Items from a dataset
+---+
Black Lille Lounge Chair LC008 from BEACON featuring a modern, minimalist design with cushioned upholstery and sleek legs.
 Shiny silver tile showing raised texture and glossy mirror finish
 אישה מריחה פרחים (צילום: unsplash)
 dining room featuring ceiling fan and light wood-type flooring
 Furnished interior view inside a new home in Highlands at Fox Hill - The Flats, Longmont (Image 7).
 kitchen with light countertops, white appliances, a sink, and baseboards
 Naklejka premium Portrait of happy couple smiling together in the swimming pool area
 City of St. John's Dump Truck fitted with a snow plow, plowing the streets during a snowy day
+---+
▶ [Exercise] Which lines of the records above contain the word "light"? Copy each of them.

▶ [Task response]
 dining room featuring ceiling fan and light wood-type flooring
 kitchen with light countertops, white appliances, a sink, and baseboards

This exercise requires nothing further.